#### EXERCISE DATA

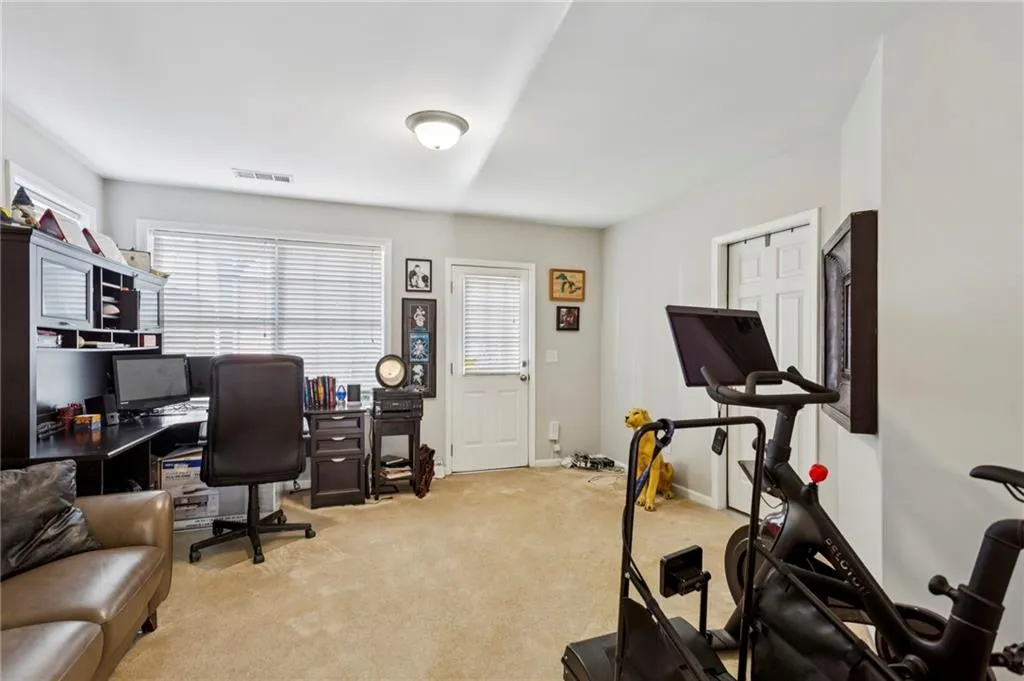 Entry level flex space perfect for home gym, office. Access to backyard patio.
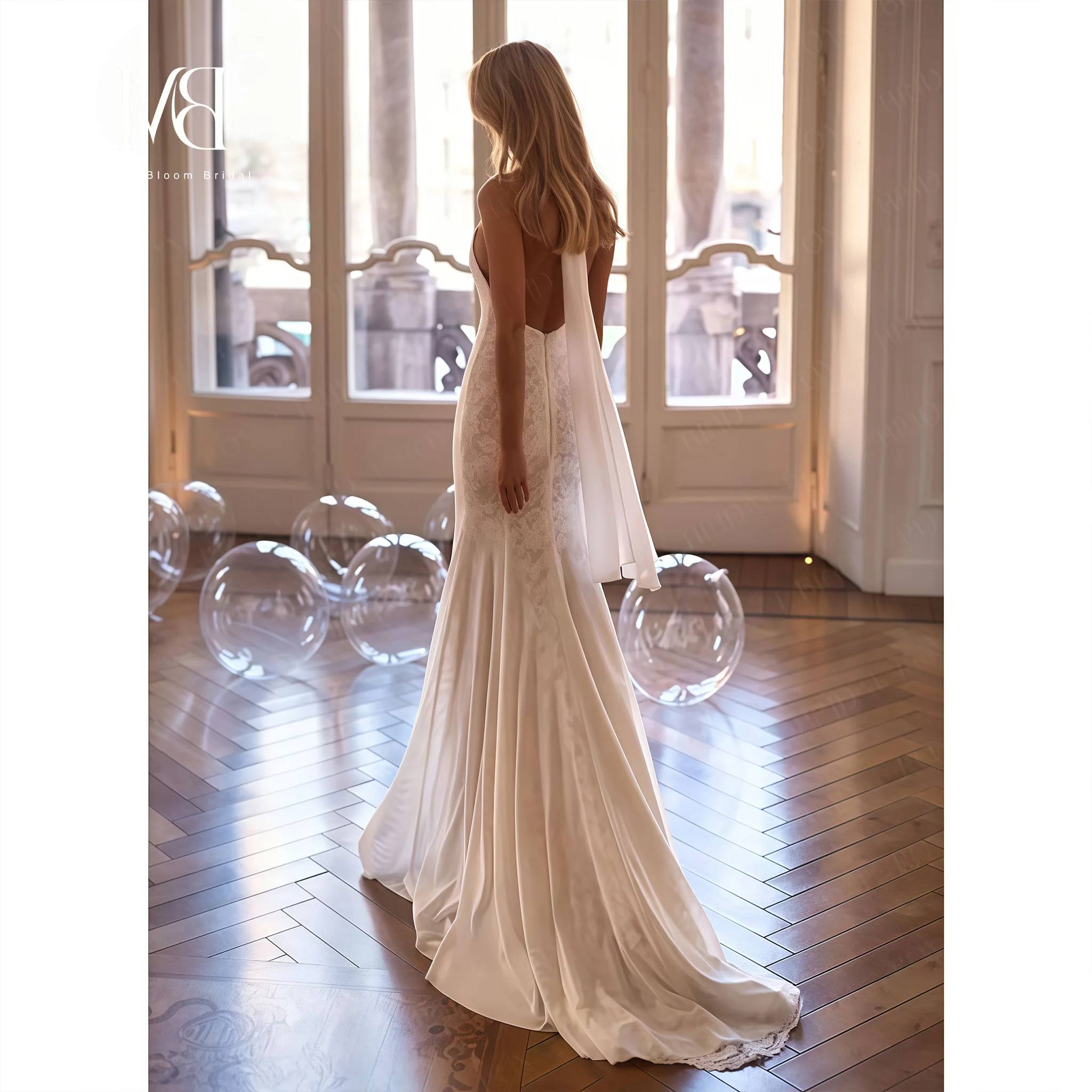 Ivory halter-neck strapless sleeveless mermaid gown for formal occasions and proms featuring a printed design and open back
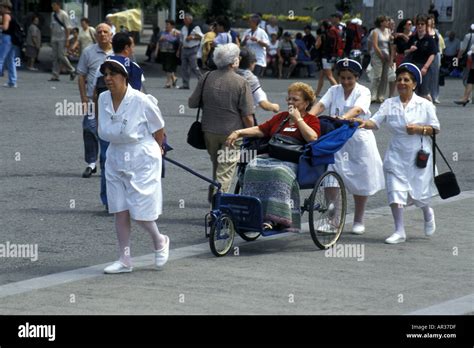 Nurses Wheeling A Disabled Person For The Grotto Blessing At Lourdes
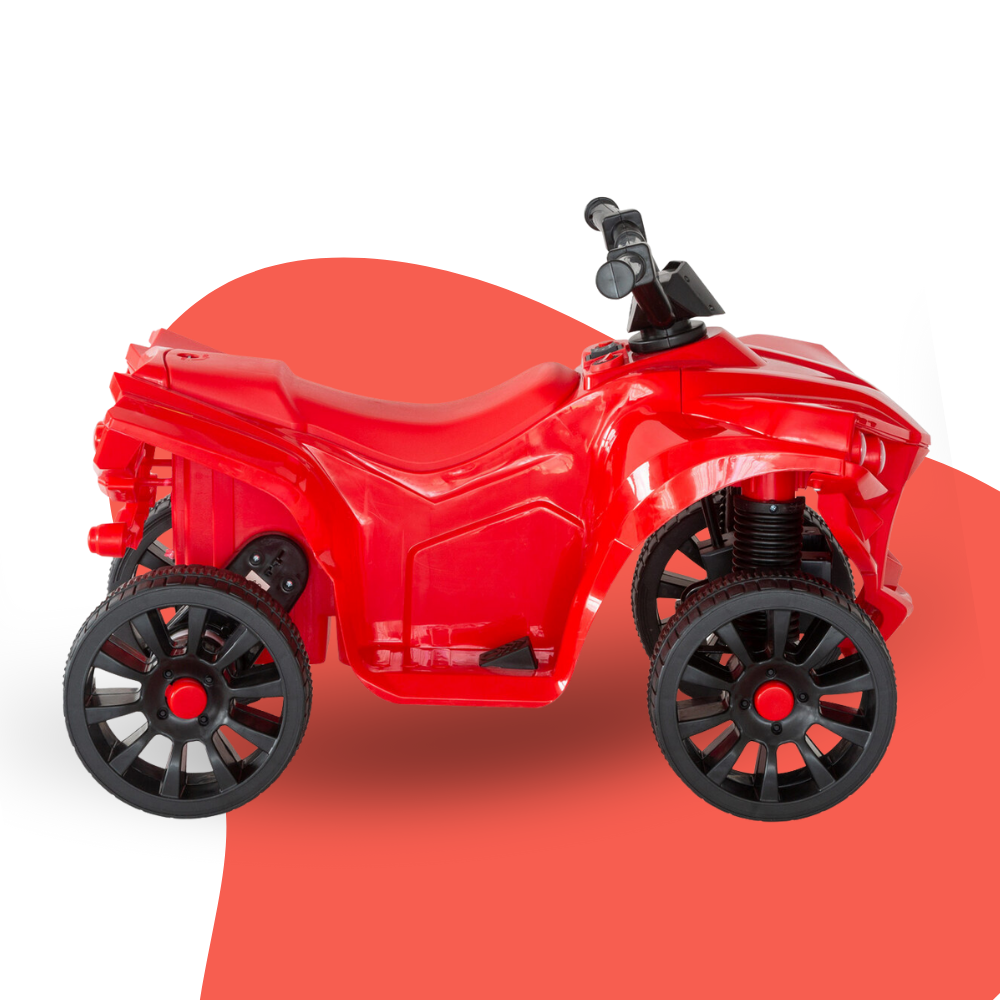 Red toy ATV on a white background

########
#### EXERCISE DATA

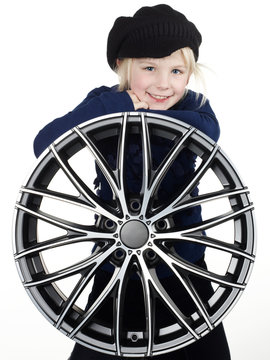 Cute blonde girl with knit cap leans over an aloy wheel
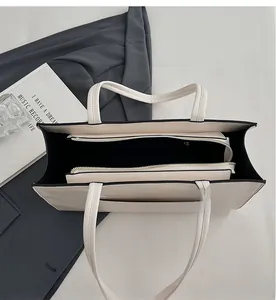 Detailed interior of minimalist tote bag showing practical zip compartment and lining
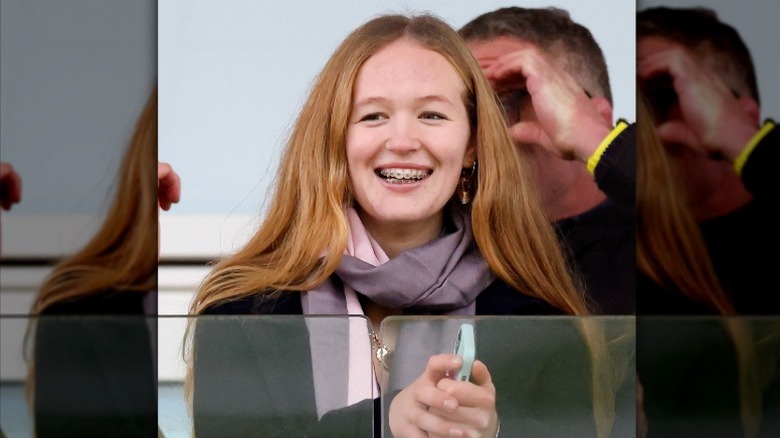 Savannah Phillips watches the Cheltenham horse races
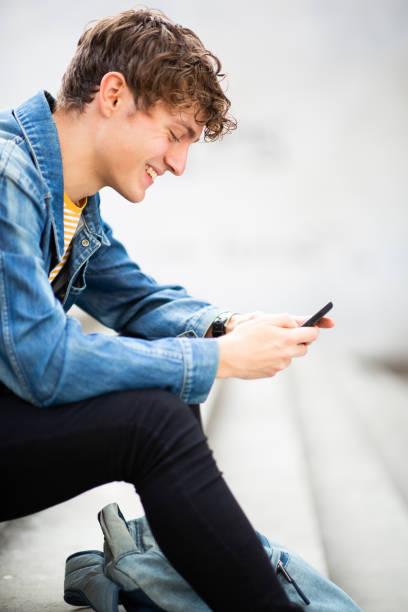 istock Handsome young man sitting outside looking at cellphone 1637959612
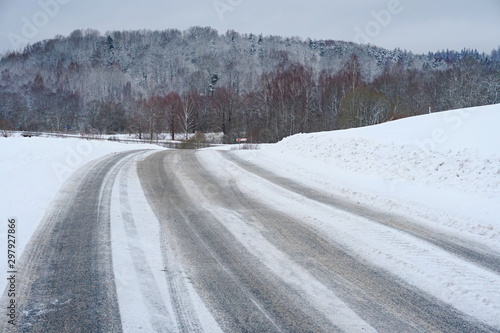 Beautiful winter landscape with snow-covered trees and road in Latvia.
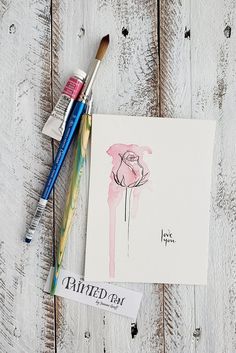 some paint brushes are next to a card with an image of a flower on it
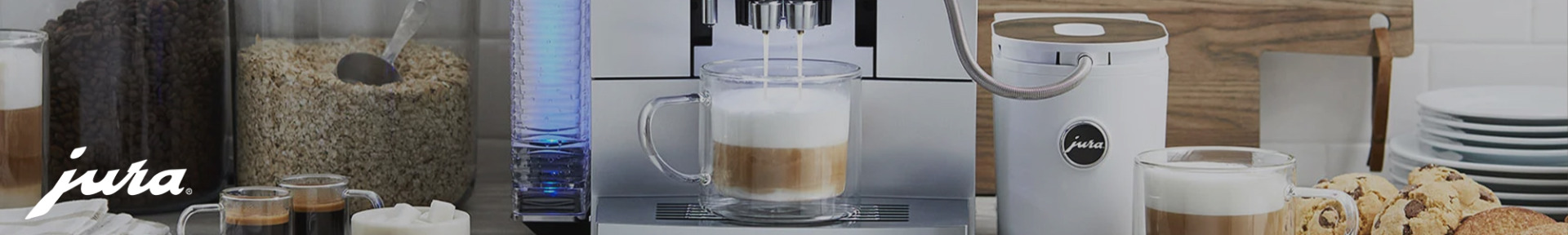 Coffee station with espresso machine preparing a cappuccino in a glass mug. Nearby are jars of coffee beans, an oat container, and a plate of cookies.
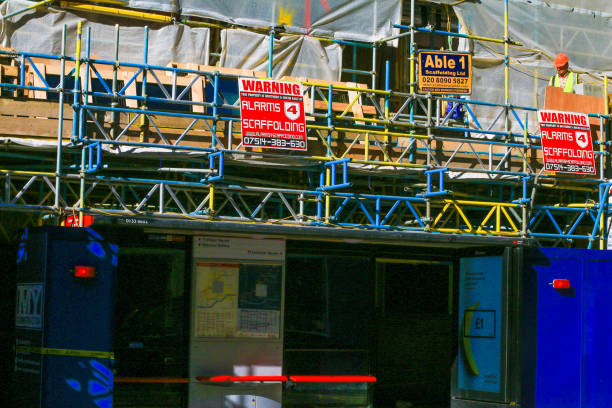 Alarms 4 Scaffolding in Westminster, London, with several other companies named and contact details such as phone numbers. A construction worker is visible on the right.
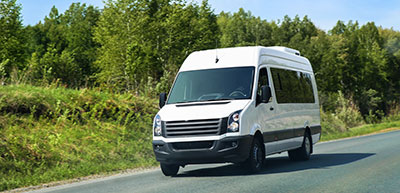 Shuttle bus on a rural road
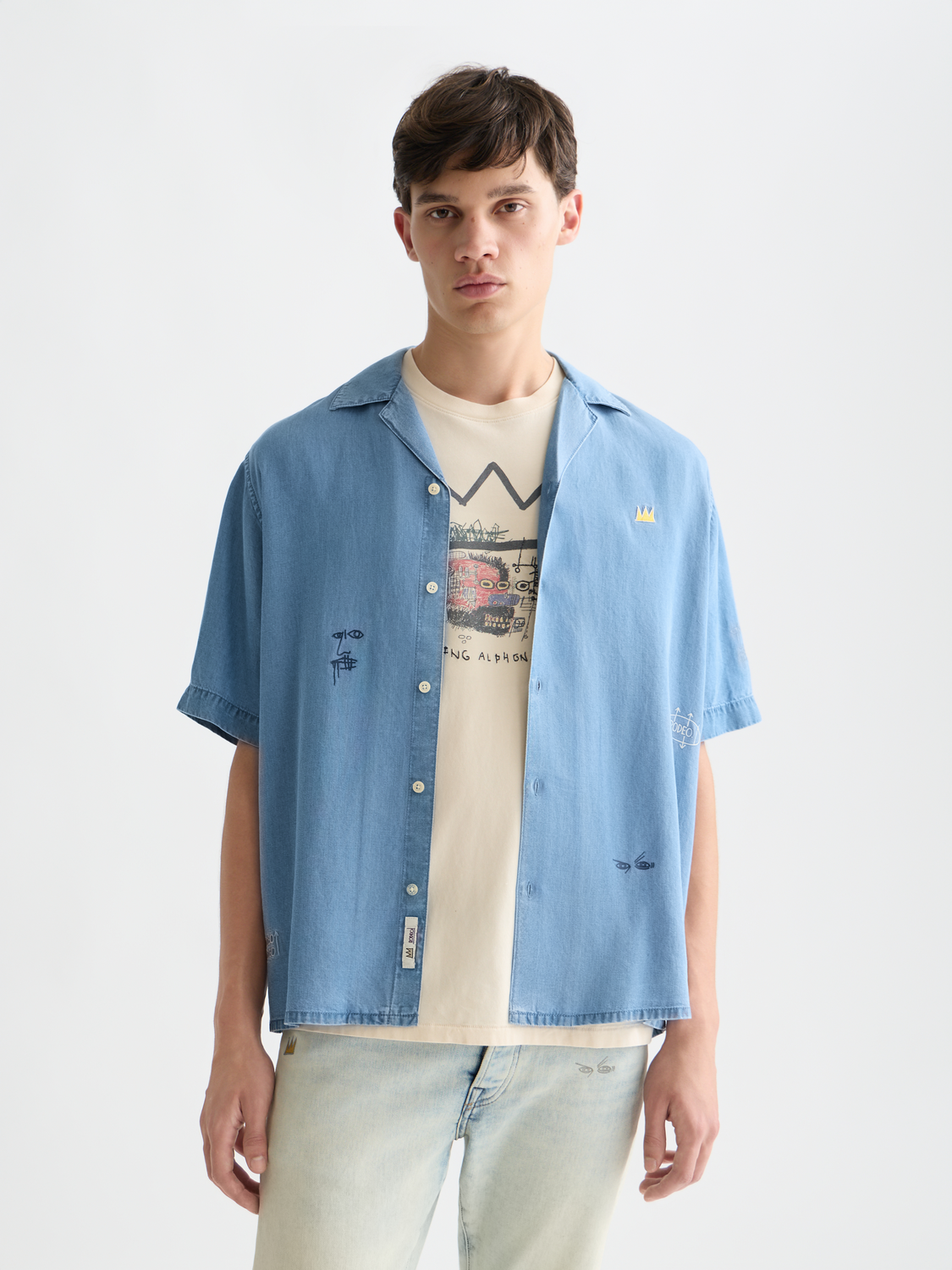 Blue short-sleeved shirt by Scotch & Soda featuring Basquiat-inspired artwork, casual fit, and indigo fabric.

########

◆ **WORK REQUIRED**
In the records above, find the line with "Entry level flex" and the line with "Red toy ATV on a white background"; please transcribe exactly those two lines and all lines between them, omitting any picture.

◆ **ANSWER BELOW**
 Entry level flex space perfect for home gym, office. Access to backyard patio.
 Ivory halter-neck strapless sleeveless mermaid gown for formal occasions and proms featuring a printed design and open back
 Nurses Wheeling A Disabled Person For The Grotto Blessing At Lourdes
 Red toy ATV on a white background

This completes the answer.